Peki ana gövdenin flouro olması aman aman etkileyebilir mi avı? Malum biraz fiyatlı ve genelde kaliteli olanlar 25 ve 50 metre civarı, bu sebeble yanlızca köstekleri fc kullanmak istiyorum çünkü ben her avdan sonra kurşun ve fırdöndüler hariç herşeyi atıyorum çöpe. Çünkü senede 4-5 kez yapabildiğim bir hobi ve herşey garanti olsun kirle pasla çürükle çarıkla uğraşmak istemiyorum. Zaten okuma, berkley ve yozuri arasında kaldım ancak trabucco'da aklımı çelmekte..
Abi aslıda dediğin çok doğru bu işte genel geçer kurallar bulmak işin kolayına kaçmak. Ali Pasiner hocanın kitabında da dediği gibi her şerait altında takım özellikleri değişmekte. Tüyo olarak vermiş olduğunuz takım tam tersi olarak hırsız 2 karış uzun üstteki ise karışmayacak şekilde bir karış olarak Çandarlı civarlarında "usta işi" olarak anılmakta. Orada her seferinde alttaki uzun köstek porsiyonluk karagöz, ıstakaroz, çupra ve mercan avlamakta. Sanırım yemin doğal duruşu ve balığın o anki yemlenme şekline göre yerde veya dalgalanıyor olması önemli bir faktör.
mümkünse bedenin de fc olmasında fayda var diye düşünüyorum. en azından boğazda ve köprüde böyle hazırladığımız çapari takımların farkı çok belirgin oluyor. Yemli için de avantaj sağlar bence. İnsanın içi gidiyor o misinayı beden yaparken ama değiyor ayrıca fc misinalar biraz daha sert bir yapıya sahip bu yüzden fazla düğümlerde kendini kesme-kırma olayı yaşanabilir. Mümkün olduğunca az düğümle takım hazırlanmalı. Kaan abinin tavsiye ettiği markayı da çok araştırmıştım. Fakat ithalatçısı sanırım bir tane, ürüne ulaşmadığım için deneme fırsatım olmadı Fakat mutlaka denemek istiyorum özellikle Kaan abinin de tavsiyesinden sonra
Tavsiye ettiğim Eclipsia yerine şu gelmiş; http://www.erginbalikcilik.com/Urun/Ion-Power-Fluorocarbon-PRO-X-ve37100-50-mt-028-mm-pmu1547.html Ancak gidip görme ve kullanma fırsatım olmadı, bilemem nedir ne değildir. Cumartesi nasipse Bozcaada'ya tatile gidiyorum, yarın edinip eclipsia ile yan yana atacağım, dönünce yorumumu belirtirim... Bu arada konuda geçen "bedenin de florokarbondan yapılması" konusunu kerelerce denedim, anlamlı bir fark göremedim florin ile florokarbon arasında beden olarak kullanıldığında, o sebepten 10 küsür liralık fluor-x i kullanmaya devam ediyorum. Tabi bu arada çoğunlukla gece avcısı olduğumu belirteyim, gece misinalar arasındaki farklar biraz kapanmakta. Gündüz bedeni de florokarbon yapmak fark edebilir.

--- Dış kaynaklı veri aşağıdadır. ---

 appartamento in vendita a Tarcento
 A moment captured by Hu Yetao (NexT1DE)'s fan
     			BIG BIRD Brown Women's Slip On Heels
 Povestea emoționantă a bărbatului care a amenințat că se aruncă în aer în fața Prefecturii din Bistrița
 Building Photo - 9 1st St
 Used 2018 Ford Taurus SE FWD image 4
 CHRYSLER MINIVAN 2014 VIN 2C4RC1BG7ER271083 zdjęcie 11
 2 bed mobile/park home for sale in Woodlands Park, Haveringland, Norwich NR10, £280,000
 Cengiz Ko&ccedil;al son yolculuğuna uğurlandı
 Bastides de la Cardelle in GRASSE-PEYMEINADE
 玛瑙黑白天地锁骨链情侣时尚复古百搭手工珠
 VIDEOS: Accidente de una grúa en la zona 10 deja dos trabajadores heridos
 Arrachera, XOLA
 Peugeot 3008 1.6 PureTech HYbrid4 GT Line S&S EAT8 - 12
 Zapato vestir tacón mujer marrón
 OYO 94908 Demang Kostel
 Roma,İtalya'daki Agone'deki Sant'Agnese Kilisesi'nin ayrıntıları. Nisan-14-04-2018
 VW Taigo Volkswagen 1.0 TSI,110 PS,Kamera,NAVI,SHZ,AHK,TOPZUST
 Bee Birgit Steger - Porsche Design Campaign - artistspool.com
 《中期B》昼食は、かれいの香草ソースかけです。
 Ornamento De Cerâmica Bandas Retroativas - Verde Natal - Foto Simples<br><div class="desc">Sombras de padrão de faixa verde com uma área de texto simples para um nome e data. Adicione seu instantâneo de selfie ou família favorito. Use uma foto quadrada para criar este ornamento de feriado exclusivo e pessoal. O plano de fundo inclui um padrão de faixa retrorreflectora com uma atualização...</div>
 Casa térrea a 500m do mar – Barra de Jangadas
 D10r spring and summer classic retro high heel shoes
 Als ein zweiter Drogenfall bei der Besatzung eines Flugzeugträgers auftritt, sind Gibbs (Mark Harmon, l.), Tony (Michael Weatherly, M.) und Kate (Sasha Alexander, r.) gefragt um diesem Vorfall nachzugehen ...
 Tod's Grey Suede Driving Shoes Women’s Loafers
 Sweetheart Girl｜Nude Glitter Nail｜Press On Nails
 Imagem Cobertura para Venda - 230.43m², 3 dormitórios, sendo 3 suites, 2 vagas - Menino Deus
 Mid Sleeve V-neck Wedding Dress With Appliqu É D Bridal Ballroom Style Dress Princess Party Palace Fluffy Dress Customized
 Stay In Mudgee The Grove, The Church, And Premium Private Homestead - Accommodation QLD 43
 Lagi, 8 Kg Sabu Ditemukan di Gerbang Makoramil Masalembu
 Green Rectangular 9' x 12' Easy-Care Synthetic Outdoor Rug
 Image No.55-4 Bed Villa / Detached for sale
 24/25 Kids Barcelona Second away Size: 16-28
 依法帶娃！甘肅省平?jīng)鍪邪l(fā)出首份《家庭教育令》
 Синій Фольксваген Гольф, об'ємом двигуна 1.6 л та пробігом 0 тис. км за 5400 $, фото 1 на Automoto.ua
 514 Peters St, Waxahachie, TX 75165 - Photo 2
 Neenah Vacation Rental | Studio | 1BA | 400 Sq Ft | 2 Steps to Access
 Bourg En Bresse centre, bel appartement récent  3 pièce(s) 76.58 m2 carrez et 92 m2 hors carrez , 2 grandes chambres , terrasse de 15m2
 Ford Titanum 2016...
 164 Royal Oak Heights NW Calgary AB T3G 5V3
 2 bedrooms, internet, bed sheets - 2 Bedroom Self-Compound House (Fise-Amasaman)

Awa-shima markası hoşuma gitti gercekten fiyat performans oranİ iyi gibi duruyor. Kaliteli bir site ve kaliteli ürünler.
Awa-Shima beni gerçekten hiç üzmedi bugüne kadar, iğneleri olsun, misinaları olsun, fırdöndüleri olsun. Kamışı pek gelmiyordu, epeyce gelmiş, iki tane aldım, yarın itibariyle kullanmaya başlayacağım. Özellikle skycaster stage IV hayran bıraktı kendine. İki ayrı hassasiyette uç, iyi işçilik vs. Dün bahsettiğim gibi yeni florokarbon serisini de edindim. Haftaya ayrıntılı bir tatil raporu ile görüşlerimi belirtirim.
Mavrukaya iliştirilmiş köstek tabi ki çok avcıdır, ancak özellikle kıyıdan, dibi sıkıntılı yerlerde insanı üzer. Dip yapısı uygunsa verimlidir, katılıyorum. Tekneden çok kullanılıyor Ege'de... Benim bahsettiğim şey, köstek uzunluklarıyla ilgili idi.
bir itirafta bulunayım mı?bugüne kadar tuttuğum bütün balıkları,eşkina,levrek mercan,çipura,karagöz,ispari vs...ben bu balıkların hepsini en ucuz 1 buçuk liralık poeşte satılan misinalara takılı 10 kuruşluk iğnelerle aldım.ve bu reklamlara heves bende ist. dan fc misina ve mustad ve crown marka iğne aldım.ama sonuç aynı.yani diyeceğim,yeni başlayanlaraa...
Gerçi biraz geç olacak ama... Köstektense bedenin FC olması daha iyi netice verecektir. Ama ideal olan tümünün FC olmasıdır. Diğer yandan, evet, bildiğimiz misinalarla da balık tutuluyor. Ama FC misina yanınızdakilerin yok dediği yerde balık tutmayı becerebilmenizi sağlıyor. Birde FC misina 0.30'dan kalınsa, bilhassa iğneyi düğümlemeyin. Ya rapala düğümü filan atın, iğne boşta kalsın, kolay hareket etsin. İnce takım sadece görünmezlik yönünden değil, yemin hareketini kasmadığı, daha doğal ve ahenkli hareket etmesini sağladığı içinde daha avantajlı olur. Sert FC misinaya sımsıkı bağlı iğnede yem kazık gibi durur, cazip olmaz.